Run a hybrid search query. The following query returns stock analysis articles published between July 18 and August 18, 2023, that mention all four specified stocks, ranked by semantic similarity to a query vector:

SELECT id, url, cosine_similarity(feature, array[1.0, 2.0, ..., 1536.0]::real[]) as score
FROM stock_analysis_chunks
WHERE release_time >= '2023-07-18 00:00:00' AND release_time <= '2023-08-18 00:00:00' AND stock_id_list @> ARRAY['BABA', 'AAPL', 'MSFT', 'AMZN']
ORDER BY feature <=> array[1.0, 2.0, ..., 1536.0]::real[]
LIMIT 10;

Use two-way retrieval (vector + full-text search)

Two-way retrieval runs vector search and full-text search in parallel, then merges the results. Use this method when vector search alone does not achieve sufficient recall — for example, when embedding models underperform on certain query types or when the corpus contains terms that require exact keyword matching.

Prerequisites

Before you begin, ensure that you have:

An AnalyticDB for PostgreSQL V6.0 or V7.0 instance
The permission to create tables, indexes, and functions

Set up two-way retrieval

Create the table. The to_tsvector column stores precomputed full-text search tokens.

Populate the to_tsvector column when inserting rows using PostgreSQL's to_tsvector() function, for example: to_tsvector('english', text).

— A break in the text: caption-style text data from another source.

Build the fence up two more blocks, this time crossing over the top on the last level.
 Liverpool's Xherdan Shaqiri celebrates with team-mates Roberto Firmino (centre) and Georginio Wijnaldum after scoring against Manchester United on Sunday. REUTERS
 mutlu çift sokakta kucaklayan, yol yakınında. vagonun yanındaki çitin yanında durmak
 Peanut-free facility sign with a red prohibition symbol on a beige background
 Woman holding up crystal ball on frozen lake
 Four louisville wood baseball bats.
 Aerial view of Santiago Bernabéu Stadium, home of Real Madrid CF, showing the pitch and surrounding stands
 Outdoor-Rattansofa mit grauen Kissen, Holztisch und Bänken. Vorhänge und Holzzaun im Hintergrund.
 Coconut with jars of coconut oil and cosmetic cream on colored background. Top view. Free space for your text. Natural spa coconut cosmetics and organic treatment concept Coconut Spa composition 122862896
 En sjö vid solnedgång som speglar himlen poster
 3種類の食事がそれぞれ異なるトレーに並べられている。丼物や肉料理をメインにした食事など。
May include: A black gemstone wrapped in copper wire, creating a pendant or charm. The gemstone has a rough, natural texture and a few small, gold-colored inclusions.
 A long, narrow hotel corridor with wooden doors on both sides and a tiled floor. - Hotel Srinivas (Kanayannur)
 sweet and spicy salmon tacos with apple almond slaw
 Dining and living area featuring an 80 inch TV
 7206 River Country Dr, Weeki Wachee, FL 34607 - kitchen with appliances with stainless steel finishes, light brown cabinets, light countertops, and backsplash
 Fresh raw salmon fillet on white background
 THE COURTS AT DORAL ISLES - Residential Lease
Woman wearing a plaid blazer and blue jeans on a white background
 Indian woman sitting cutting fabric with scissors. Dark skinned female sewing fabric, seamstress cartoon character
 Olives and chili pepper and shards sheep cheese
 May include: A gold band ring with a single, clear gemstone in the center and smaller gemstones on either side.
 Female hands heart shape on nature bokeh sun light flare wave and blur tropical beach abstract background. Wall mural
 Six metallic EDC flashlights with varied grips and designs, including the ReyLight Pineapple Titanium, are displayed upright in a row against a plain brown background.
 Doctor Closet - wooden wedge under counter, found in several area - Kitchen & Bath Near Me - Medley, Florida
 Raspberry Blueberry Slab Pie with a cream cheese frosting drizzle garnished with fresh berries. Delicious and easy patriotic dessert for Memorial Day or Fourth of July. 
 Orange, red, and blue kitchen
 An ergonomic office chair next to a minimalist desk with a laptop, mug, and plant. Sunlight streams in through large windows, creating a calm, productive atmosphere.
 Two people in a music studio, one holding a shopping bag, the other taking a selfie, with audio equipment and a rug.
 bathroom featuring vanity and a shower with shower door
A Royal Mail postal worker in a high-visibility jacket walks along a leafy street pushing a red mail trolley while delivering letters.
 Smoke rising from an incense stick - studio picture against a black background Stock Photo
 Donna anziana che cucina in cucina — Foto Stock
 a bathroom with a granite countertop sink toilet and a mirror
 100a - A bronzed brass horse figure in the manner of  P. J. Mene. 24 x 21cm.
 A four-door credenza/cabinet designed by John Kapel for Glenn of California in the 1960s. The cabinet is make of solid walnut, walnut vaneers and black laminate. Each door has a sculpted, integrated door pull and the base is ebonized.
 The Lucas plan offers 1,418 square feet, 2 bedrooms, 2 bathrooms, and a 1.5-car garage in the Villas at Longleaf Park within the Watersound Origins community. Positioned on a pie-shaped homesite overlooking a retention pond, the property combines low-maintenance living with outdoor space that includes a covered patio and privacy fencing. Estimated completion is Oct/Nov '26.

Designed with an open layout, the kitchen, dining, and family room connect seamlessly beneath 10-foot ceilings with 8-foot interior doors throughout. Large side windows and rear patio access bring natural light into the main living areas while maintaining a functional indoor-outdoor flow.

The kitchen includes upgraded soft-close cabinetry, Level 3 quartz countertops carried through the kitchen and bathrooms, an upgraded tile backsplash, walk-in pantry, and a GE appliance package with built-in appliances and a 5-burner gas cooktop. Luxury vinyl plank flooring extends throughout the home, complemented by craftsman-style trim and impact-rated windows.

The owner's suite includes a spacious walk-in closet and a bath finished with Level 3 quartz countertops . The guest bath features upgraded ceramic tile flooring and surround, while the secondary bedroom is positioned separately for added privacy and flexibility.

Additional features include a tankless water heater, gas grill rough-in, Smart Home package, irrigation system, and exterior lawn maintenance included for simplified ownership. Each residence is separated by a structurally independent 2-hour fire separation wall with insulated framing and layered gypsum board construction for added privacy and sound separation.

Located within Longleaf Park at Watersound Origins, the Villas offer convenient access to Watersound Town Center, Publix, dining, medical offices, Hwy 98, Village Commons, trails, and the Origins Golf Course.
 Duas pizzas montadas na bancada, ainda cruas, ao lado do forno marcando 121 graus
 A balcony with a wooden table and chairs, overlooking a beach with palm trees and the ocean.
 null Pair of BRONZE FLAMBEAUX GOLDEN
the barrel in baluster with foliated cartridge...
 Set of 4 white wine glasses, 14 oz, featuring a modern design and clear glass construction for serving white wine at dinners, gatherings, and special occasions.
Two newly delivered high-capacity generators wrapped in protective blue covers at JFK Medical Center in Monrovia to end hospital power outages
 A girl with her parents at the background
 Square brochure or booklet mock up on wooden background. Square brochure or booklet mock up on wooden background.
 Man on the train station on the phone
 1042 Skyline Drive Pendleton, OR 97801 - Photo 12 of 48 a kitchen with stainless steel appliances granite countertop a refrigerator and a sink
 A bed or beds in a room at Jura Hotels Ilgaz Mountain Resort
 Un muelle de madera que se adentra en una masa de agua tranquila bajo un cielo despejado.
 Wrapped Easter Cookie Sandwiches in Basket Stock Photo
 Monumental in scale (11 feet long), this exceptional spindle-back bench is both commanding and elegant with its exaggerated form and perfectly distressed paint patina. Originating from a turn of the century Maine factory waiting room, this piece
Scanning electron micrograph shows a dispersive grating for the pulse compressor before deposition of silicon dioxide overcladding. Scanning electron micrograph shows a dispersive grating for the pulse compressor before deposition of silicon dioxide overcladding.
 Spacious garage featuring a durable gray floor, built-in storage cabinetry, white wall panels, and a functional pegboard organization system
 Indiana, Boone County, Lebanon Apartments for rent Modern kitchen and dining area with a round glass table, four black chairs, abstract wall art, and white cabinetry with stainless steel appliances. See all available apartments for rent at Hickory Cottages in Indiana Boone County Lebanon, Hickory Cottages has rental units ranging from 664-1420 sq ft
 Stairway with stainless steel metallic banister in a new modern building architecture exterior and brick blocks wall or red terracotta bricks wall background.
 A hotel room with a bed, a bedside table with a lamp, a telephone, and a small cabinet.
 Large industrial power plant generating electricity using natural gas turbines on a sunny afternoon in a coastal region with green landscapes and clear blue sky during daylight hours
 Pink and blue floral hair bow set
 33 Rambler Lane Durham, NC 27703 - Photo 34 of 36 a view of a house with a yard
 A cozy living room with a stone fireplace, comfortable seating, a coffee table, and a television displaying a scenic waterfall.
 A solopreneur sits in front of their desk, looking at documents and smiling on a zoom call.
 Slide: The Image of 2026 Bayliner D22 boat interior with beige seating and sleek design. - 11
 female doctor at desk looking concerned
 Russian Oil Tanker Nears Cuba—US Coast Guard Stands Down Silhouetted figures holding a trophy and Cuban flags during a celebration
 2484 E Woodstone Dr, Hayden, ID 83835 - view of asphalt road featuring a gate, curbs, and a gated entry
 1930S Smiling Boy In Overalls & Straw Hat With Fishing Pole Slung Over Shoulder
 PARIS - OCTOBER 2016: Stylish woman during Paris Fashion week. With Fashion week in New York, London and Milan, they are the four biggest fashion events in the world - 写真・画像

Keep this column in sync with the text column when updating rows.

-- vector: the vector column. to_tsvector: the full-text tokenizer column.
CREATE TABLE IF NOT EXISTS documents(
                id TEXT,
                docname TEXT,
                title TEXT,
                vector real[],
                text TEXT,
                to_tsvector TSVECTOR);

Set the storage mode of the vector column to PLAIN.

ALTER TABLE documents ALTER COLUMN vector SET STORAGE PLAIN;

Create indexes.

Create a vector index for the vector column.

CREATE INDEX ON documents USING ann(vector) WITH (dim=1024, distancemeasure=cosine, hnsw_m=64, pq_enable=1, hnsw_ef_construction=128);

Create a GIN index for the full-text tokenizer column.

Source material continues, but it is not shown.